Performance of generated Mason, FlameGPU, Flame and basic C code with a different number of agents (x-axis).

Fig. 4.
figure 4

OpenABL D-Mason strong scaling with different number of cores (x-axis).

Cluster Scaling. To evaluate the performance scaling of the OpenABL D-Mason backend, we use a cluster of 12 nodes equipped with two Intel Xeon E5-2430 (six cores) with hyper-threading disabled, connected by I350 Gigabit network adapters. One node is used for coordinating the simulation, while the others allocate one D-Mason logical processor for each core, running on Oracle JVM 1.8 and exploiting Apache ActiveMQ as message broker for communication/synchronization (the broker is allocated on the coordinating node). Figure 4 shows the strong scalability of the six applications, with each model simulating \(10^6\) agents for 1000 timesteps. The plots show the runtime in seconds for an increasing number of logical processors (cores).

The Boids model exhibits good scalability. Despite having similar behavior, Circle’s scaling is slightly worse due to different parametrization, e.g., a wider interaction radius. In Game-of-Life and Sugarscape, agents are distributed evenly in the space (on a grid) and are stationary, resulting in high scalability. Ants and Predator-Prey are the most complex simulations. The Ants model suffers from a dense concentration of the ant agents, especially at the start of the simulation, resulting in an uneven distribution of the workload. Predator-Prey is highly dynamic because of the addition/removal of agents, which drastically affects prey-crowded areas after the arrival of predators. This represents a challenge for distributed memory system, leading to bad scalability. We believe that more advanced load balancing strategies may substantially improve this aspect [33].

Performance Comparison Against Manually-Tuned Code. The potential overhead of the generated code has been evaluated against manual implementations of the Boids benchmark, because it is available for most libraries and is simple to validate. Results are summarized in Table 2. The generated code for Mason is \(9\%\) slower than the manual implementation; the reason is the double buffering mechanism introduced by OpenABL to ensure order-independent correctness, not supported in standard Mason.
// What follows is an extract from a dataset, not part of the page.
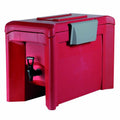Container isotherme liquide 17 L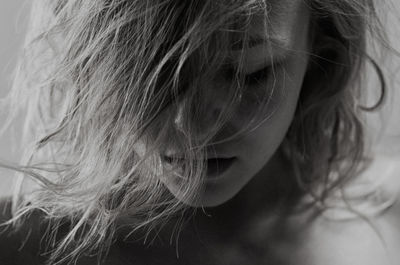 Contemplation / Fine Art  Fotografie von Fotograf Rob Linsalata | STRKNG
For FlameGPU, both generated code and manual implementation have similar performance: the semantics of the language map very well without any noticeable overhead. The overhead for D-Mason is \(30\%\), motivated essentially by an improvement of the synchronization mechanism for each step function (agent buffer analysis may potentially reduce such overhead by avoiding unnecessary synchronizations). We omitted Flame from the comparison because of its very poor scalability (impractical with >5000 agents).

Table 2. Overhead of OpenABL generated code for Boids model compared to manually tuned code.

6 Conclusion

We present OpenABL, a domain-specific language designed for agent modeling on high-performance parallel and distributed architectures. It comprises an easy-to-program language that relies on high-level abstractions for programmability and explicitly exploits agent parallelism to deliver high-performance. It supports a wide range of context-specific semantics such as order-independent step functions, neighborhood queries, heterogeneous agents, and dynamic agent addition and removal. A source-to-source compiler translates the input OpenABL code into an AST-based intermediate representation exposing parallelism, locality and synchronization at the agent level. Subsequently, a collection of pluggable backends generate target codes for multi-core CPUs, massively parallel GPUs, large clusters and cloud systems. The OpenABL generated codes have been tested on a collection of six applications from various fields. While a program written in OpenABL is much smaller than one written for non-portable platform-specific libraries, its performance is very close to manual implementations.

OpenABL is an open source project available at https://github.com/OpenABL/OpenABL, with the goal of becoming an open research platform. The used code and instructions to reproduce our benchmarking results are available in a figshare repository [34].

This research has been partially funded by the DFG project CELERITY (CO 1544/1-1) and by the EPSRC fellowship Accelerating Scientific Discovery with Accelerated Computing (EP/N018869/1).